Twee maanden geleden, toen ik ‘Een brief aan westers links vanuit Kiev‘ schreef, hoopte ik dat de schok van de Russische invasie en de stemmen van Oekraïens links westerse linkse mensen ertoe zouden aanzetten hun standpunt te heroverwegen. Helaas hebben te veel van hen dat niet gedaan. In hun analyses van de oorlog zijn de Oekraïners slechts slachtoffers die humanitaire hulp nodig hebben en geen burgers met behoeften die gerespecteerd moeten worden.
Natuurlijk geldt dat lang niet voor alle linkse partijen.
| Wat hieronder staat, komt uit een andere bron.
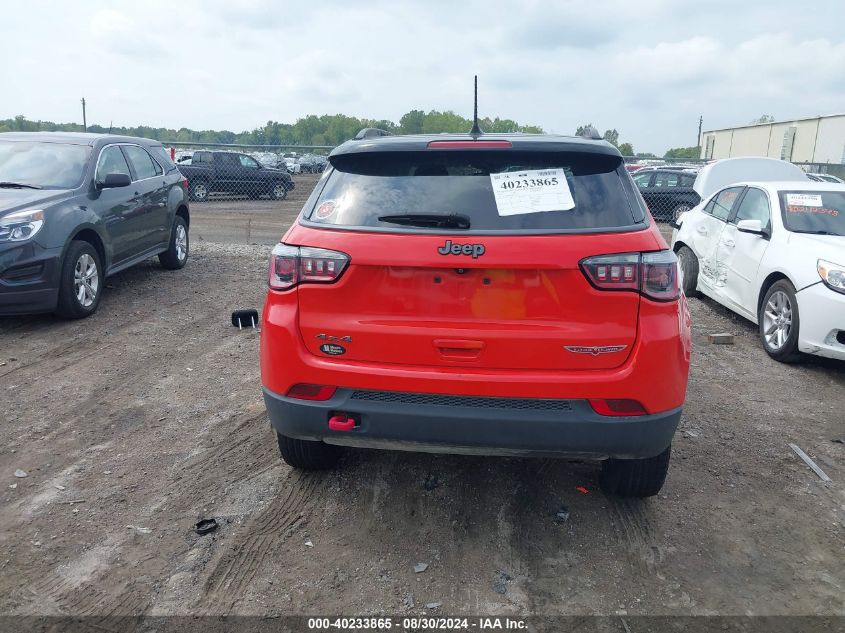 2018 JEEP COMPASS TRAILHAWK 4X4 - 3C4NJDDB6JT343292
Zowel Scandinavische als Oost-Europese linkse partijen hebben naar de Oekraïners geluisterd en wapenleveranties aan Oekraïne gesteund. Onder Amerikaanse socialisten is enige vooruitgang te bespeuren. Maar helaas heeft zelfs een gezamenlijke verklaring van Oekraïense en Russische socialisten niet genoeg mensen overtuigd om militaire hulp te steunen. Laat me nog eens proberen links aan te spreken.
Een rechtvaardige oorlog?
Laten we beginnen met het beantwoorden van een veelgestelde vraag: ‘Waarom krijgt Oekraïne zoveel aandacht en zoveel hulp, terwijl andere gewapende conflicten in de wereld dat niet krijgen?’ Ten eerste, zijn de mogelijke gevolgen van de oorlog niet reden genoeg om er meer aandacht aan te besteden? Wanneer was de laatste keer dat de wereld zo dicht bij de dreiging van een kernoorlog kwam? Ten tweede ben ik het ermee eens dat andere conflicten onvoldoende aandacht krijgen. Zoals ik al eerder heb geschreven, is het feit dat Europa de Oekraïense vluchtelingen zo veel beter heeft behandeld dan hun Syrische en Afghaanse tegenhangers, te wijten aan racisme. Dit is een goed moment om kritiek te leveren op het migratiebeleid en erop te wijzen dat de hulp aan Oekraïense vluchtelingen aan alle vluchtelingen moet worden verleend.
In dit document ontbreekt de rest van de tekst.